Add evidence used to determine inclusion of a component. #129

JorisVanEijden · 2022-02-01T14:33:52Z

Most SBOM generators base the inclusion of a component in an SBOM on a packagemanager file or the existence of some other file.
I would like to be able to trace back what source was used as evidence for the inclusion of a component.
The component.evidence property seemed like a good fit, but that only supports "licenses" and "copyright".

Could we add a "files" list to that?
Then an SBOM generator can list the file(s) it used to decide to include the component there,

The text was updated successfully, but these errors were encountered:

samj1912 · 2022-02-03T19:12:24Z

+1 This would be really useful for cyclonedx support in syft as well. syft currently stores the file "evidence" in its internal model. If we could add this in cyclonedx, it would improve the traceability of SBOM outputs a lot in syft :)

cc: @wagoodman

stevespringett · 2022-02-03T19:20:31Z

In typical CDX fashion, we will try to target v1.5 of a Q1 2023 release. Therefore, there's some time to flush this out and support as many use cases as possible - keeping in mind that we try to focus on simplicity, high-degrees of automation, technology-agnostic, all without making the spec overly large.
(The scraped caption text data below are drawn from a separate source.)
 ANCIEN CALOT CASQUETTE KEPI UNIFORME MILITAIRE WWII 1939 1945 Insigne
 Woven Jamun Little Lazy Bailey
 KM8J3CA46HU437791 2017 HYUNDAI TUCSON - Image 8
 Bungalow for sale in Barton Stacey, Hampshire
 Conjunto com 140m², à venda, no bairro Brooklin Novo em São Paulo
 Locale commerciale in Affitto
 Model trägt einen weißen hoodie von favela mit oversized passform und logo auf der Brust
With that in mind, are there use cases we can start documenting?

cc: @brianf

JorisVanEijden · 2022-02-04T07:42:20Z

The main question it needs to answer is: "Why is this component included in this SBOM?"
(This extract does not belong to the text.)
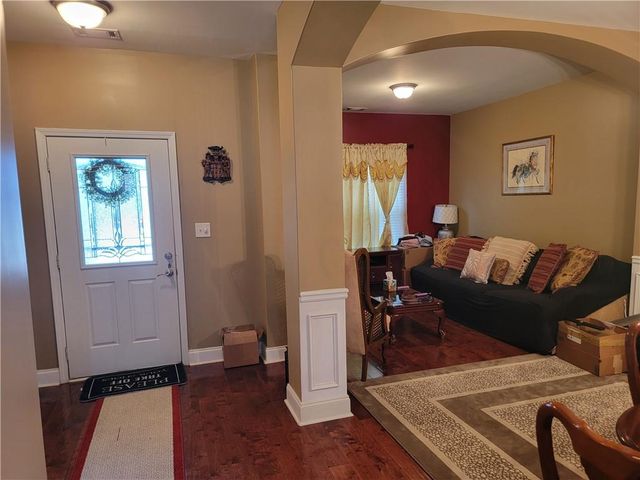 738 Round Tree Court, Lawrenceville, GA 30045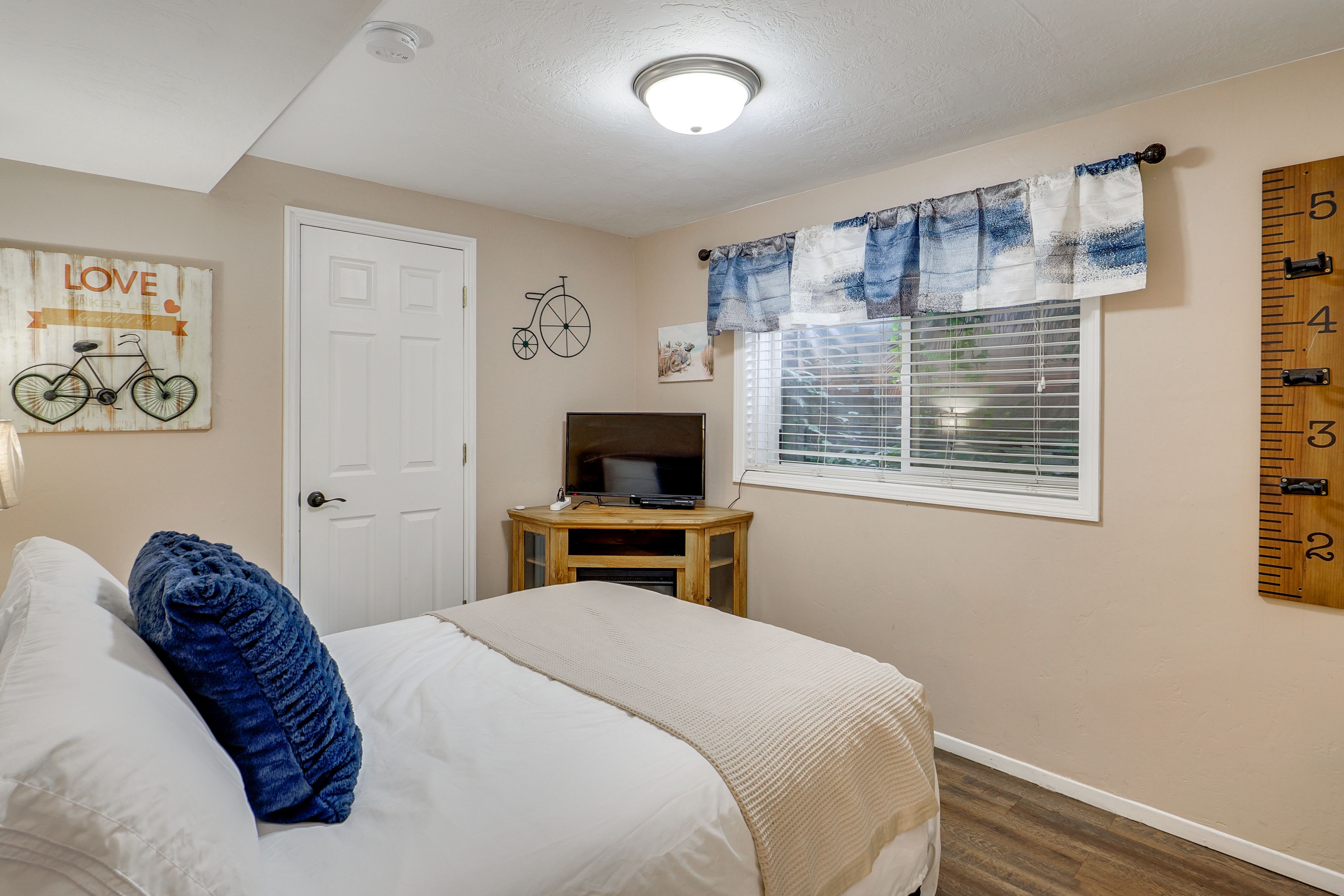 Bedroom 3 | Full Bed | Electric Fireplace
My actual (way too frequent) scenario:

DependencyTrack says project X has a critical vulnerability in component Y.
Project X says "we don't use component Y"
I say "then why is it in your SBOM?"
They say "I have no idea"

This could be solved with a simple text field saying "/themes/custom/wow/package-lock.json" or "JvE: I statically linked this with the executable", or "Syft v3.2.1 detected this as a Composer dependency in /app/dir/composer.lock".
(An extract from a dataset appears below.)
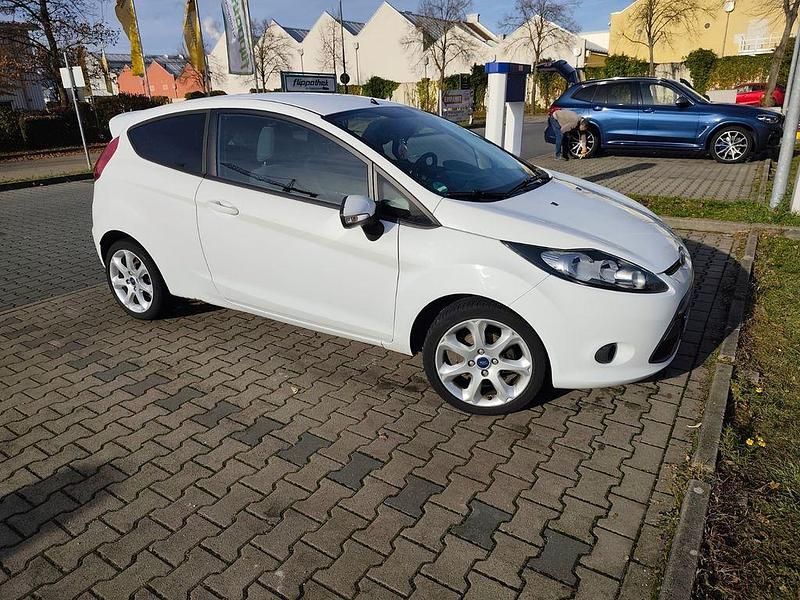 Weiß Gebraucht 2012 Ford Fiesta Trend Limousine | 3.479 € (Guter Preis) - Bild 1/4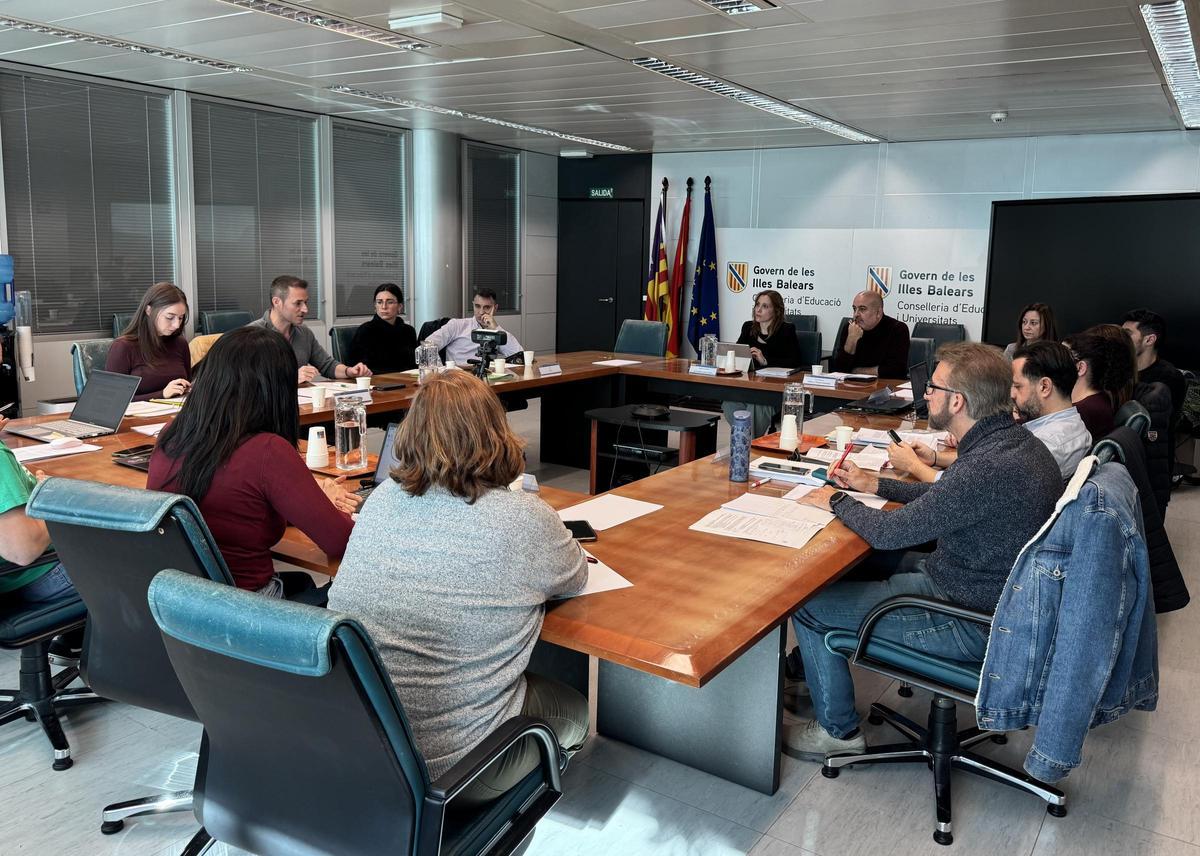 Un momento de la Mesa Sectorial celebrada este jueves en la Conselleria.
Or something more complex with different types ("manual", "scanner", "generator", "other") and id's ("name: Steve Jackson" or "name: Cdxgen, version: 1.3.4") and more types ("filepath", "explanation", "url") etc.

For me both would work just as well but I see no use case for the more complex structure.

brianf · 2022-04-13T13:37:52Z

We provide information in our tooling that we call "occurrences" which would include a list of the file paths where the component was detected and the binary fingerprint that this thing matched. This helps people understand embedded cases or even when we detect a similar match or when something was renamed (eg foo.jar is actually log4j)

stevespringett · 2022-04-13T16:00:03Z

Thanks @brianf. Few questions...

Is the binary fingerprint reproducible from external tools? If so, can you provide a pointer on where we can find more information?
Would it be useful to capture the fingerprint and the tool that generated the fingerprint for every occurrence?
What else would be useful to capture?

planetlevel · 2022-09-14T15:54:23Z

Some evidence we would like to provide related to measuring at runtime

we found the right libraries -- libraries that are not in the code repo (appserver, runtime platform)
we did not find wrong libraries -- libraries only used in build or test environments
hashes of libraries as loaded in production
libraries that are used/unused
number of classes/methods used in components
the actual classes/methods invoked and the callsites/traces capturing how they are invoked

We could provide callsites/traces showing exactly how libraries are used by applications, but it is a LOT of data. It would be useful for folks trying to verify whether a vulnerable method (like the JDNI lookup in log4j) is actually used. Also useful when attempting to remove a component from an application.

mrutkows · 2022-09-14T16:00:24Z

Want to highlight that evidence is always associated with a "tool" (loosely) used against 1 or more components or services (or hardware) to evaluate some security or compliance use case; therefore, the schema needs a robust means to associate:

evidence/provenance/other (inputs/outputs/state) -- tool -- hardware/component/service (resource under inspection)
at various stages of a "build" (read CI/CD for "build") against what we are discussing as a "formulation".

First, please be aware that the Sigstore project and its Rekor (https://github.com/sigstore/rekor) "transparency log" has structured records for all types of "attestations" (evidence) around CI/CD including, OIDC attestations (IDs that are used for "build"), changes in MF auth. of an identity, records to attest that package manager builds have been signed/verified (near-term plans to be used by NPM, Ruby, Java, etc.), records of Cert. generations for ephemeral keys (per-Ci build, from SPIFFE/SPIRE), and more... In all these cases a ref. to the log entry (id) and format would be quite valuable for downstream tooling.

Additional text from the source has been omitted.